## Assigned task
Below are entries with pictures in them. Output exactly the lines starting at the line with "Ferrari Emblem Badge" and ending at the line with "Funny Banana Cartoon", both included, but not the pictures.

## Data listing
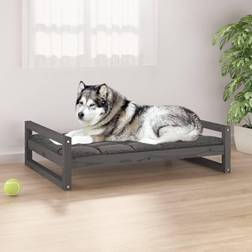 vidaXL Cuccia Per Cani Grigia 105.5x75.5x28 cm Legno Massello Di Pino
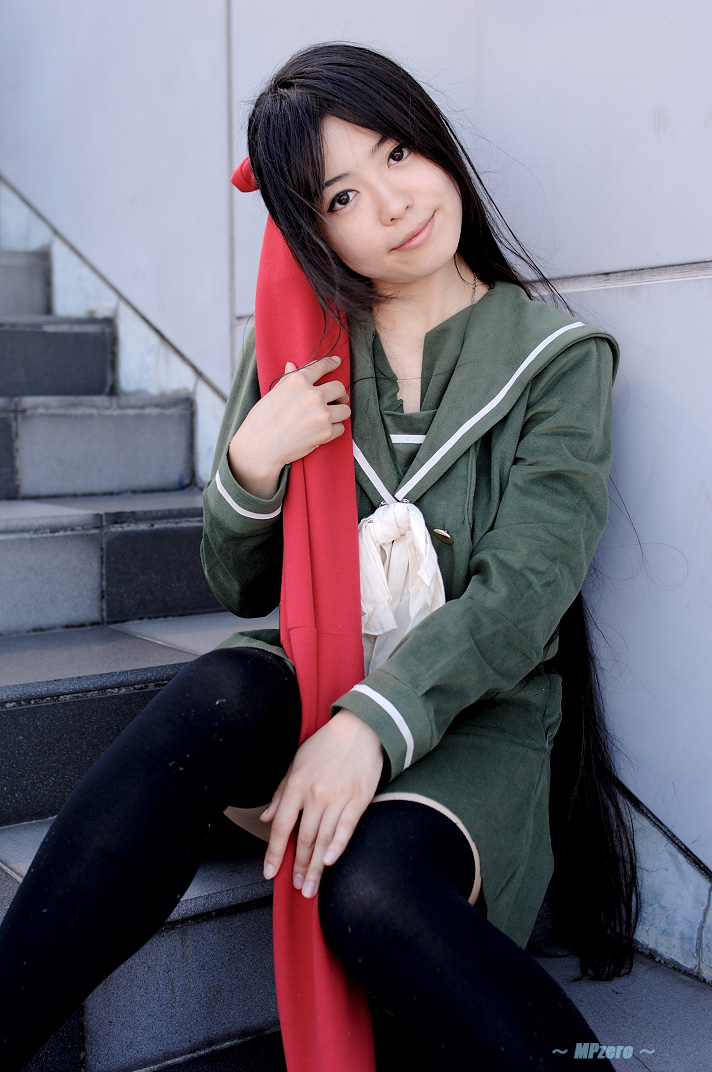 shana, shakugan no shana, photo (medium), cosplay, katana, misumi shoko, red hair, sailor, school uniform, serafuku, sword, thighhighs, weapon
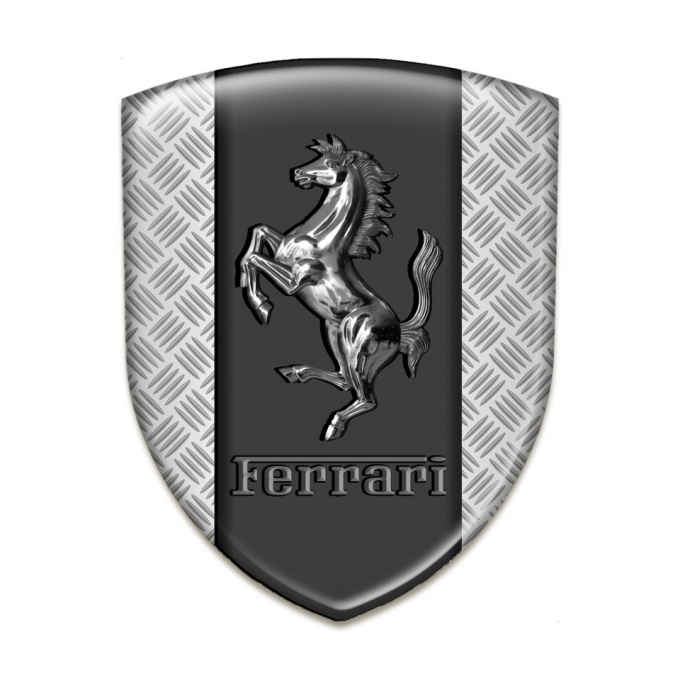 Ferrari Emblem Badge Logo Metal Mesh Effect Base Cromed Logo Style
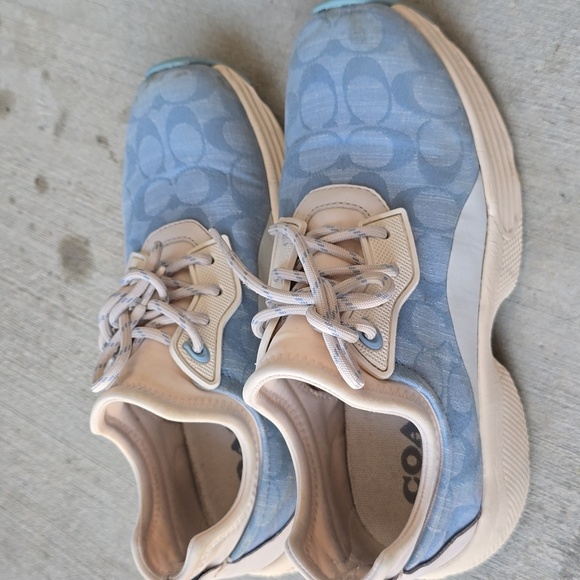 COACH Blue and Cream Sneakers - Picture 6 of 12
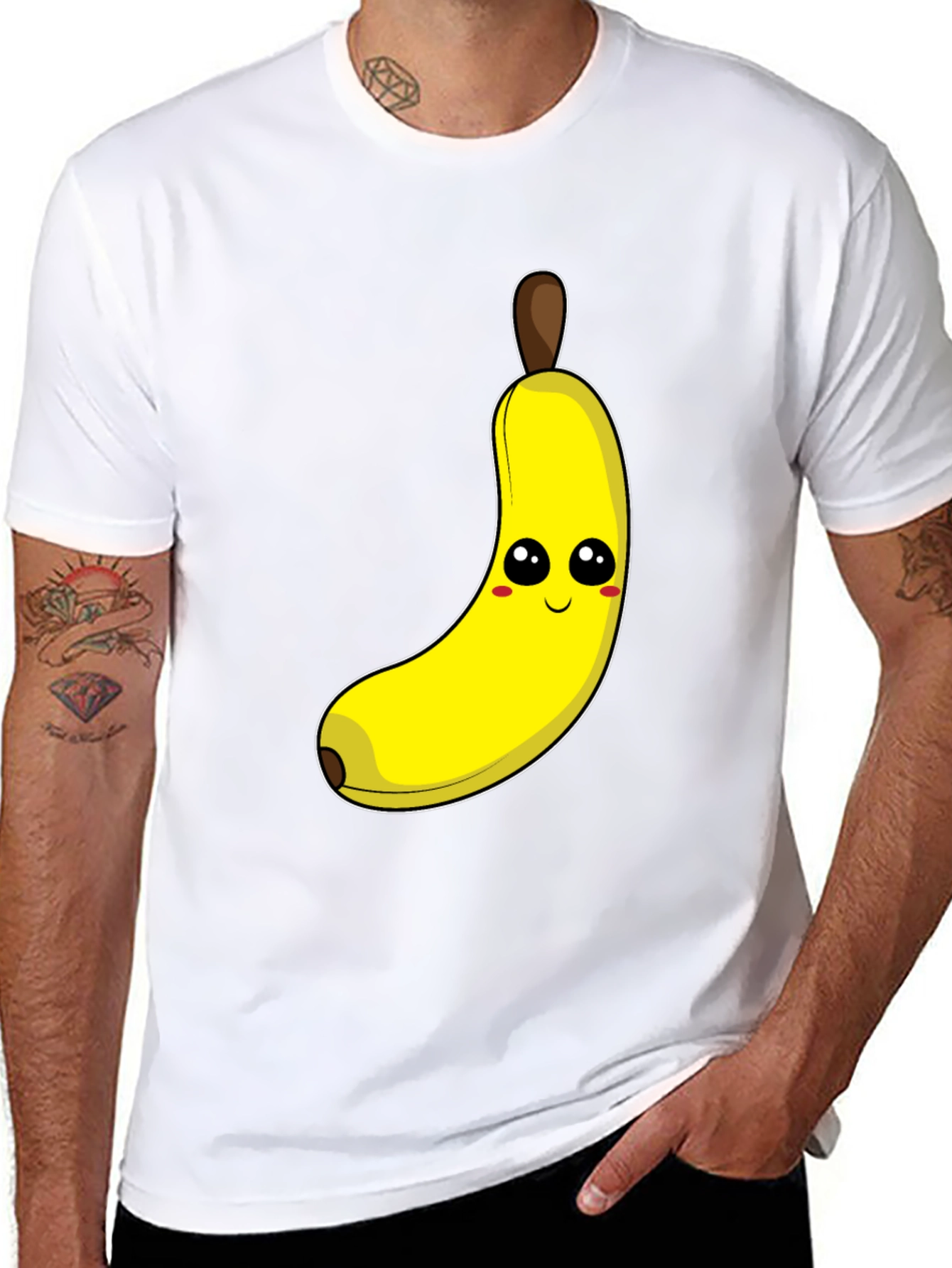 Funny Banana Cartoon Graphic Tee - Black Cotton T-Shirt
==
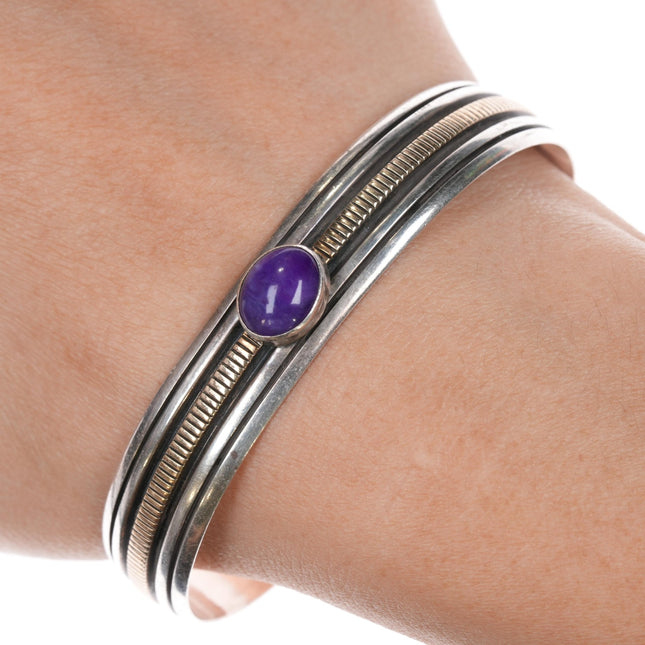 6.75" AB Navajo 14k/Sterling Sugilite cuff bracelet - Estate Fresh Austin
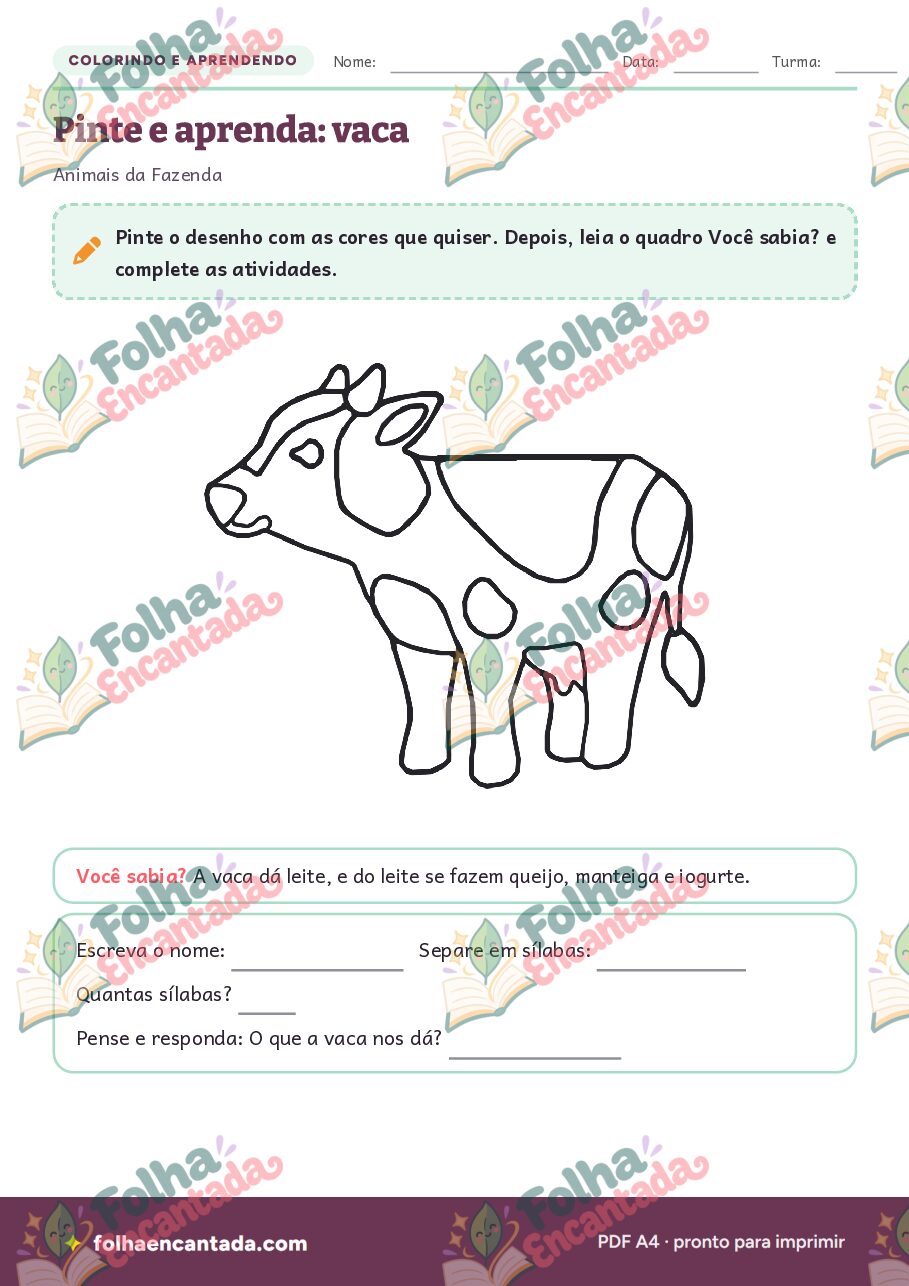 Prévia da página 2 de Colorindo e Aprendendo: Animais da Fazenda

## Answer to this problem
 Ferrari Emblem Badge Logo Metal Mesh Effect Base Cromed Logo Style
 COACH Blue and Cream Sneakers - Picture 6 of 12
 Funny Banana Cartoon Graphic Tee - Black Cotton T-Shirt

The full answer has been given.